Alfonso González Jerez

Debates

Puede que estemos todos los periodistas firmando el manifiesto que impulsa la FAPE – “Sin preguntas no hay cobertura” – pero otros aspectos decisivos de la relación entre declaraciones políticas y actividad periodística seguimos uncidos al yugo obligatorio que marcan los candidatos y direcciones de los partidos. En Canarias – como ocurrirá en el resto de España – no van a celebrarse debates electorales. Se hará pasar como tales un conjunto de monólogos cronometrados en el que los candidatos aprovecharán para regurgitar titulares precocinados. Así ocurrió ayer en la SER: Paulino Rivero, José Miguel Pérez y José Manuel Soria se marcaron sus respectivas retahílas verbosas sin que en cada una de sus parrafadas se registraran referencias a los otros. Garrulería compartimentada. Gesto inútil el de acudir personalmente a los estudios de la cadena en Las Palmas: podrían haber enviado sus intervenciones en un CD. Solo en un momento Paulino Rivero quiso interrumpir a José Manuel Soria, que soltaba una de sus habituales malevolencias sobre el Servicio Canario de Salud, y el líder del PP le dijo que no podía interrumpirle, que no estaban en la televisión autonómica.

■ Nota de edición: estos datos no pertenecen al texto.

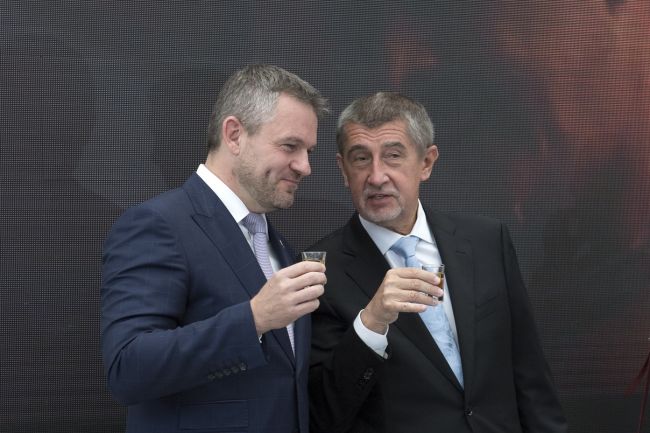 Pellegrini: SR a ČR majú nielen podobné úspechy, ale aj podobné problémy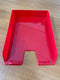 Brievenbak office rood - 10 stuks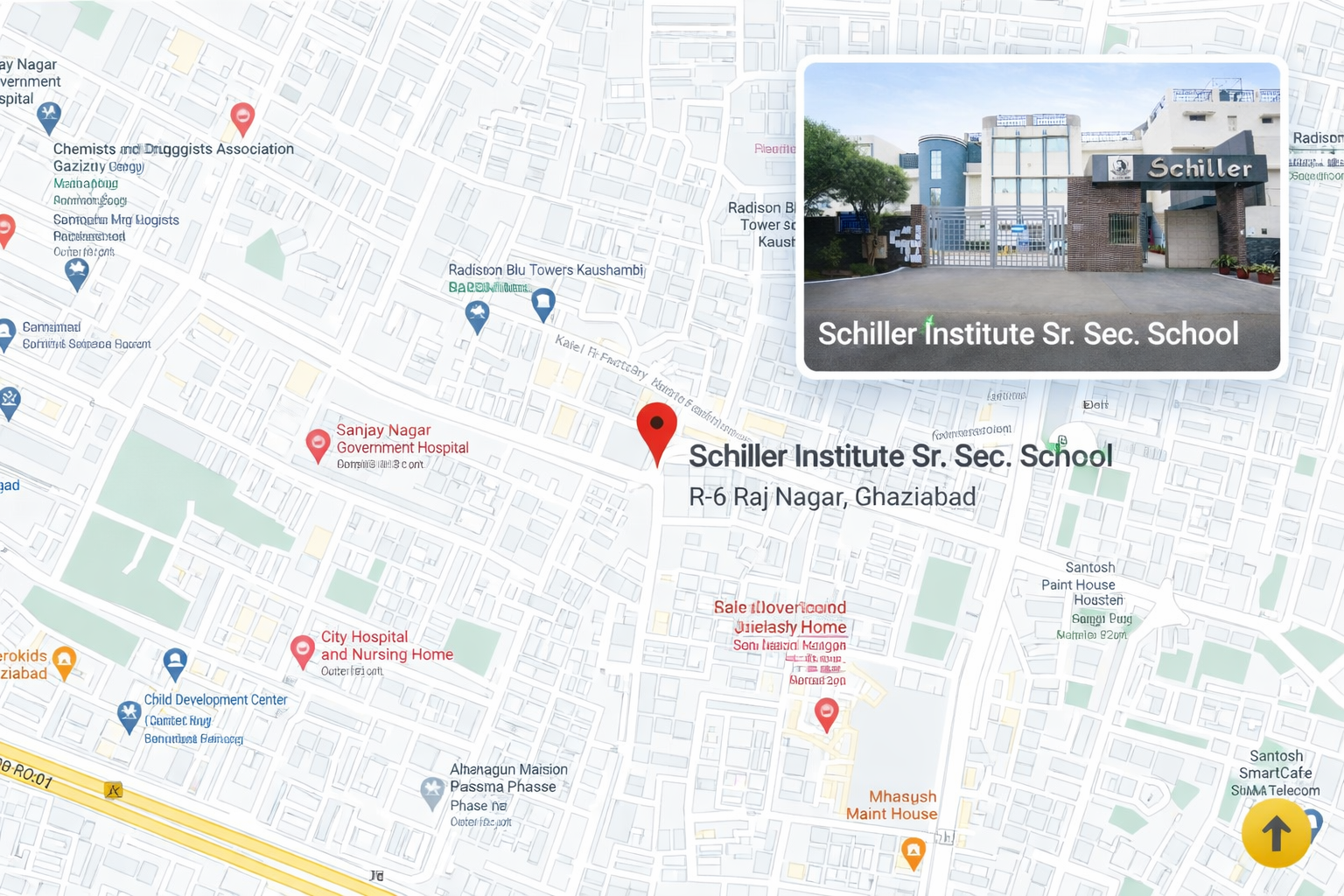 Parental Engagements at Schiller Institute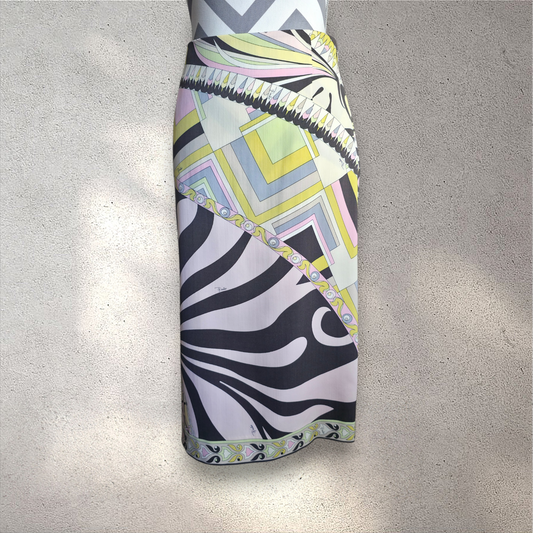 Emilio Pucci Pencil Skirt (2005)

Al parecer Rivero interrumpe a Soria en la televisión canaria todo el rato. Su modelo favorito, sin duda, es TeleMadrid.
Quizás sea Soria el candidato presidencial que mejor se adapta a este fraudulento modelo de debate, porque no está acostumbrado a interrupciones de ningún género. Me parece comprensible. Porque a Soria se le podría interrumpir para recordarle que en el organigrama de la RTVC siguen intactos y cobrando los cargos directivos que propuso el PP en 2007. Se le podría interrumpir para recordarle que el caso Lifeblood apestaba tanto que debió suspenderse el concurso de adjudicación del servicio de hemodiálisis para Gran Canaria y Lanzarote. Que durante su etapa como consejero de Economía y Hacienda solo se pasaba un par de veces a la semana por el despacho, entretenido en pasear su palmito vicepresidencial. Que su equipo dejó un agujero de decenas de millones de euros que obligó a un precipitado cierre presupuestario. Que los presupuestos generales para 2011 diseñados por Rosa Rodríguez y sus geniales mariachis eran una rocambolesca catástrofe al que se debió practicar una cirugía de emergencia para no paralizar la comunidad autonómica. Quizás Rivero o Pérez, por distintas razones, no estaban en disposición de interrumpirle con impertinentes obviedades pero, ¿dónde estamos los periodistas?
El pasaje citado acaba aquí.